5 ways telemedicine is revolutionizing healthcare
5 ways telemedicine is revolutionizing healthcare

Photo: Kevin Beisel / Vimeo /

“Telemedicine is the natural evolution of healthcare in the digital world,” says the American Telemedicine Association. Today, many patients, doctors and other healthcare professionals have adopted telemedicine. Telemedicine is not one specific service, but a collection of tools to improve the care and learning of people.

The idea of ​​communicating with doctors at a distance arose immediately after the invention of the telephone by Alexander Bell. Her real first experience can be said when the United States was able to transmit X-rays using a telephone connection in the 1950s. Now, in the days of affordable smartphones and 4G internet, video chats are becoming widely available, and electronic devices worn by patients can transmit data to electronic medical records at a distance.

“Perhaps the most important goal of telemedicine is the long-term monitoring of patients while they are at work or at home,” says Shourjya Sanyal, an expert in the use of artificial intelligence in medical devices, on the pages of Forbes. He listed five aspects that, in his opinion, are the most important contributions of telemedicine to health care.

Monitoring the condition of the elderly

From 2000 to 2050, the number of people over the age of 60 is expected to grow from 605 million to 2 billion. This rapidly growing group of people should benefit greatly from telemedicine. Large companies (Comarch, American Well, and others) are now creating platforms for communication between older people and doctors. There are also services now available to help keep track of regular medication use (such as AdhereTech and MyUBox) and help caregivers for older patients.

Robots (Mabu and ElliQ) have been developed, which can be virtual assistants and companions for old people living on their own. Amazon Echo and Orbita Health voice services are being sharpened to help with drug buying and coordination of care.

Remote mental health care

Telepsychiatry, a branch of telemedicine, can be used for a variety of purposes, including psychiatric evaluation, various types of therapy, patient education, and medication assistance, according to the American Psychiatry Association website.

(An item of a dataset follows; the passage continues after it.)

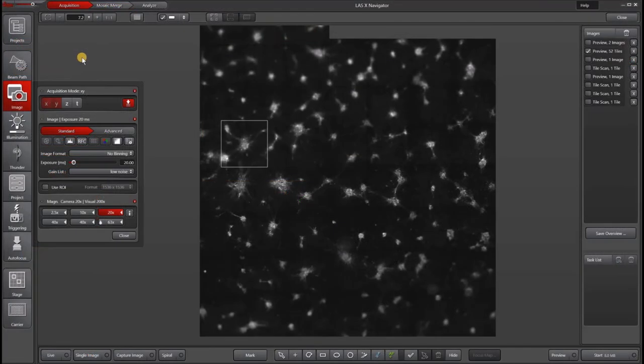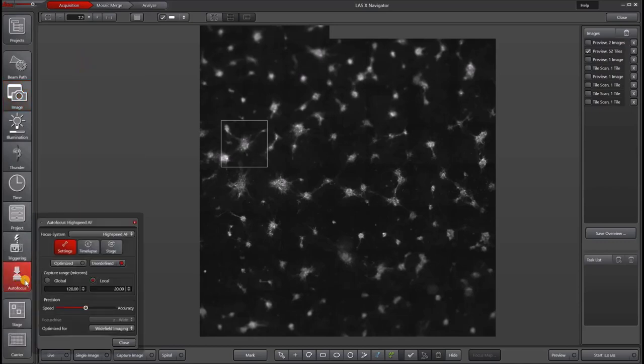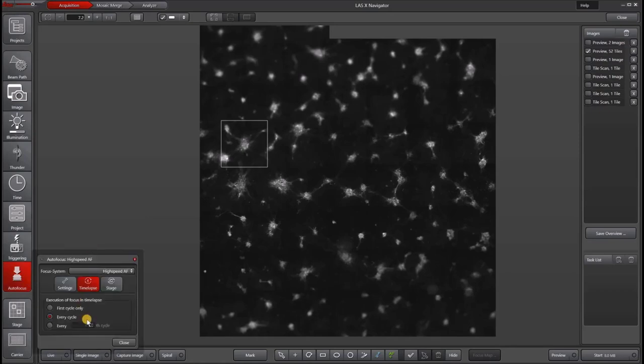Now let's see how autofocus works in Navigator or also when we add time lapse. There are two additional buttons on the autofocus channel that are available to you. One is time lapse and the other is stage. If you click T to add time lapse, you can go to the autofocus panel and click the time lapse. You can then choose to do an autofocus for only the first cycle, every cycle or every nth cycle.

The benefits of telepsychiatry are believed to reduce stigmatization of patients and improve access to care. There are several platforms for this service in the US.

Second opinion

Patients often look for a quick and inexpensive option to get a second opinion about their health status and treatment. Telemedicine has made it easier to meet this natural need: the number of services is growing, both commercial organizations and clinics are involved in their provision.

Help in remote corners

The first case of using telemedicine was associated precisely with helping people who are far from medical institutions. Senyal points out that in the United States alone, more than 65 million people live more than an hour's drive from the nearest hospital with an emergency department. Many hospitals have already begun to work remotely with people from such “deserts”.

A new look at health insurance

This point is not yet justified everywhere, but in the USA it is an important point. Patients and their families often want long-term medical follow-up. Regular insurers work with medical institutions, and some, for example, Oscar Health, are building new insurance systems based on telemedicine services.

Telemedicine, becoming an ever more voluminous part of health care, adopts its problems, which include rising prices. An important question is whether it will be able to bring the quality and availability of medical care around the world to a new qualitative level.